**Material provided**.

++++++++

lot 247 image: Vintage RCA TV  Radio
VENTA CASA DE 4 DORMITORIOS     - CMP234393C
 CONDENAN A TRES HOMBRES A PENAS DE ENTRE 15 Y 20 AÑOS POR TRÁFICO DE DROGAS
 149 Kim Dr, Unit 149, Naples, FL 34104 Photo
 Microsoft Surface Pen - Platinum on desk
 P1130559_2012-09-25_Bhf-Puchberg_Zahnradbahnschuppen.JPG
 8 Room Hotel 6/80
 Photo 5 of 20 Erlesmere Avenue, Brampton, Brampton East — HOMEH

++++++++

**Directions for this task**. Your task is to retype all of the records exactly.

**Response**.
lot 247 image: Vintage RCA TV  Radio
VENTA CASA DE 4 DORMITORIOS     - CMP234393C
 CONDENAN A TRES HOMBRES A PENAS DE ENTRE 15 Y 20 AÑOS POR TRÁFICO DE DROGAS
 149 Kim Dr, Unit 149, Naples, FL 34104 Photo
 Microsoft Surface Pen - Platinum on desk
 P1130559_2012-09-25_Bhf-Puchberg_Zahnradbahnschuppen.JPG
 8 Room Hotel 6/80
 Photo 5 of 20 Erlesmere Avenue, Brampton, Brampton East — HOMEH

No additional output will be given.